Grumpy tween boys are really hard work. And the other day I had two of them. This wasn’t their usual grumpy. They hadn’t argued, they weren’t getting on each other’s nerves. This was grumpy caused by outside forces and I couldn’t do a thing with them. Least of all get them to bed where they clearly needed to be.
I picked my eldest up after Scout camp. I was expecting sunburn. He’d been lectured beforehand – every two hours between 10 and 4 WHATEVER THE WEATHER. As it turns out, the weather was very hot and sunny. I have pale kids, and, although my eldest is the least pale of the three of them, he gets sunburnt every time the sun comes out. Because he knows best. He doesn’t put the cream on soon enough or often enough – or he misses great swathes of his body. His face wasn’t as bad as I’d anticipated, although clearly burnt. But the backs of his arms! Pillar box red and painful. He had clearly not given them a second’s thought.
And he was tired. Of course he was, he’d been on Scout camp. Where they don’t sleep. The other kids get home and fall asleep without tea, but not my boy. His pride makes him carry on until normal bedtime. Which is no fun for the rest of us.
We got home and he got into the bath. Then I had a call from my husband – he needed me to go out and pick my other son up from a football event. So I had to leave my 12 year old, very tired boy, alone in the house in the bath. He doesn’t ever fall asleep anywhere apart from bed, but I was aware it was risky leaving him.
As I arrived to pick up my younger son, I found him face-down on the car park in the gravel, surrounded by concerned year 5s. He was doing that shocked silent thing kids do before they cry. There was blood, as the year 5s helpfully pointed out.

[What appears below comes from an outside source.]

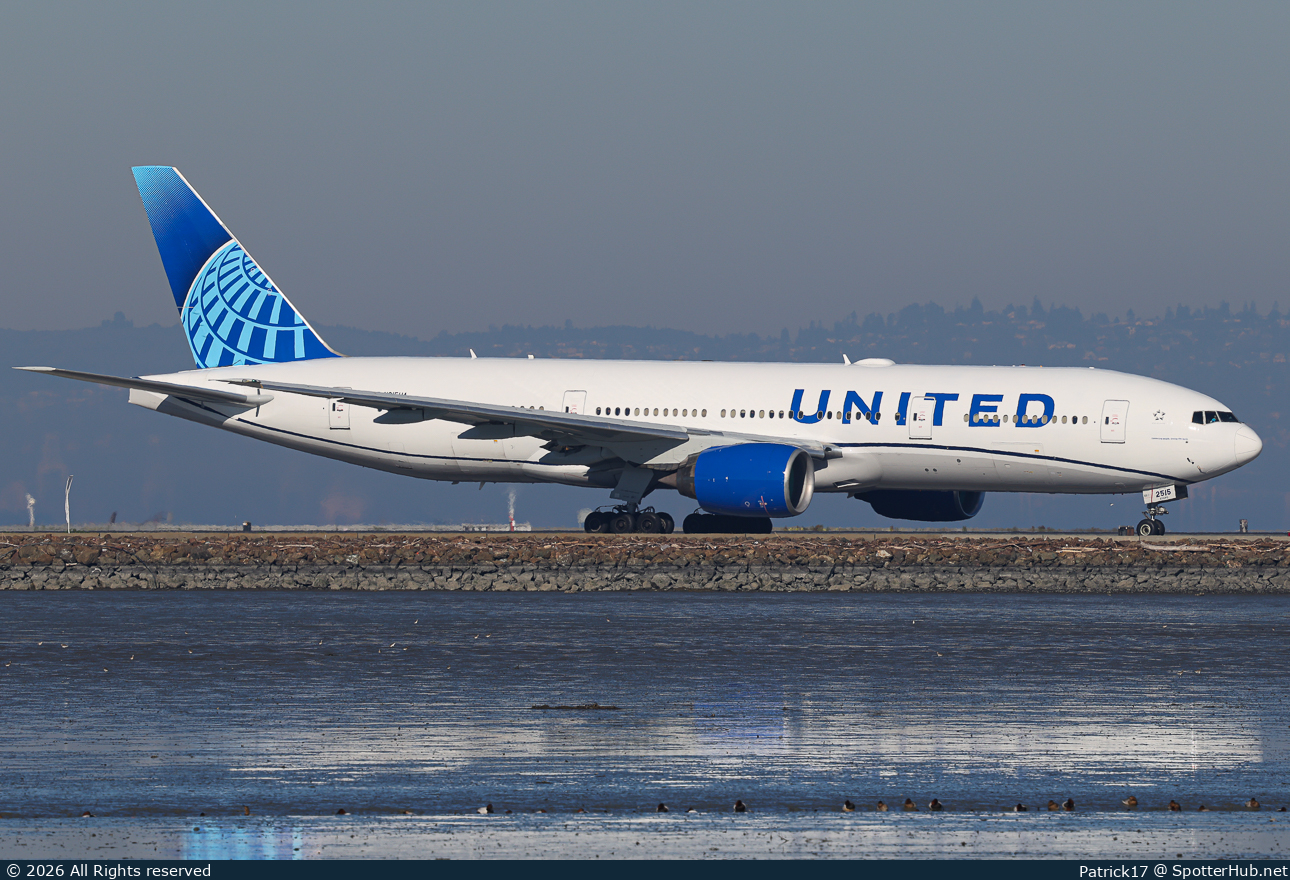 Photo of N215UA - Boeing 777-222 operated by United Airlines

I picked him up. There most certainly was blood. And he really, really doesn’t like blood. But it’s like it follows him around. He bleeds so much more than the other two. He could feel it pouring down his leg. He could see it spotting his trainers.
So I got him and his bleeding legs home to his, thankfully not drowned, brother. And the two of them proceeded to wear me down with their extreme tiredness and unhappiness.

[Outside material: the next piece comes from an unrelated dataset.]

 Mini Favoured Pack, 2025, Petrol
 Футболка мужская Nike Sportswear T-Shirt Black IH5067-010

The cut leg was certainly painful and my son couldn’t snap out of it for the rest of the day. He was deeply unhappy and deeply demanding until bedtime.
My eldest had TWO pieces of homework to do, which he’d had for weeks and which had to be in the next day. Oh, and he asked if we had any pineapple. Now we never have pineapple. Never, ever, ever. But he needed it for school cookery the next day and hadn’t thought to ask for it a few days ago, before the shops were shut. So Daddy went in search of pineapple (and luckily found some) and I re-patched the bleeding leg and reapplied the after-sun.

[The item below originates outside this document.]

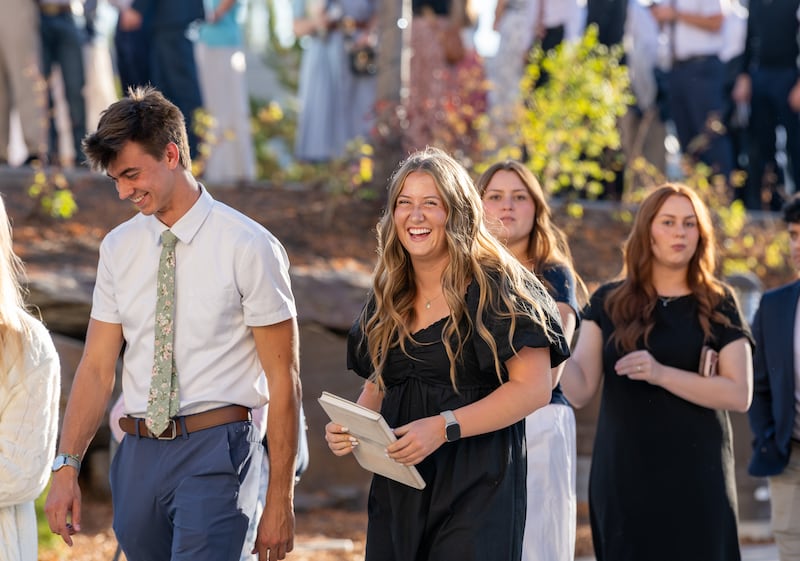 Des étudiants de BYU-Idaho se rassemblent à l'I-Center sur le campus de Rexburg (Idaho) pour une réunion spirituelle avec frère David A. Bednar, du Collège des douze apôtres, et son épouse, sœur Susan Bednar, le jeudi 8 octobre 2026.
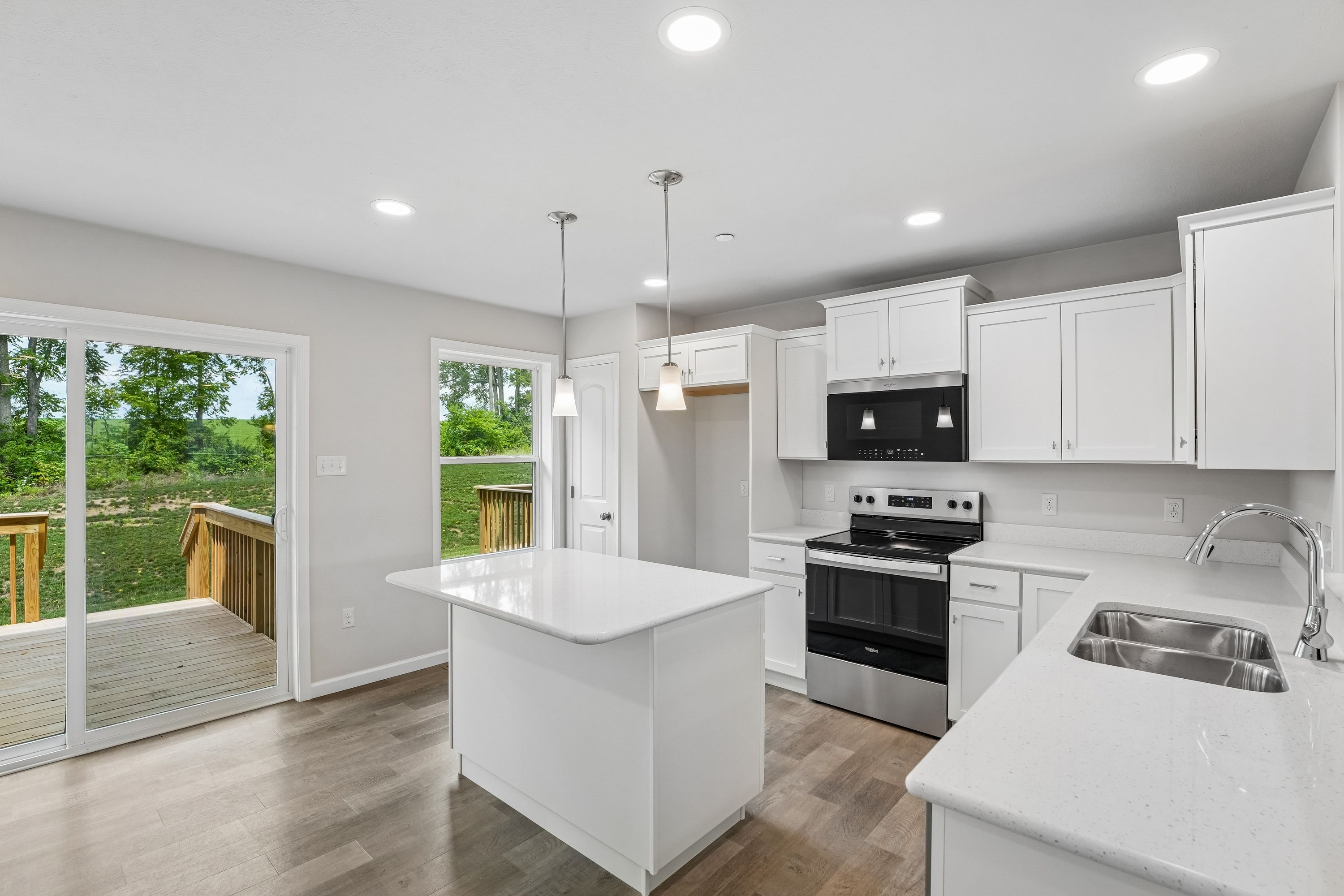 Redfield-SCTH94-Kitchen-Breakfast-9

And in the midst of all of this, was a delightful little oasis of calm.
My daughter was searching YouTube for a track by a singer I’d never heard of – Kate Rusby. She’d heard it at school and it was based on a true story.
She found her song and I sat with her and listened as she told me all about Botany Bay.
‘They had to leave their wives and children. It takes a very long time to get to Australia on a boat. They had to go there, but I don’t know why, it’s very cruel.’
And her eyes shone as she enjoyed the music and shared a history lesson with me. After an afternoon of grumpiness, her enthusiasm and pleasure were a breath of fresh air. And I learned something new too. For those five minutes, I was able to escape with her and think about the injustice of those people banished to Australia without their families.
Then the music finished and I was back in the real world. One more application of after-sun, one more
nag reminder to put deodorant on (what is it with boys and personal hygiene?!) and one silent prayer that they would go to bed, go to sleep and wake up restored to the boys I know and love in the morning.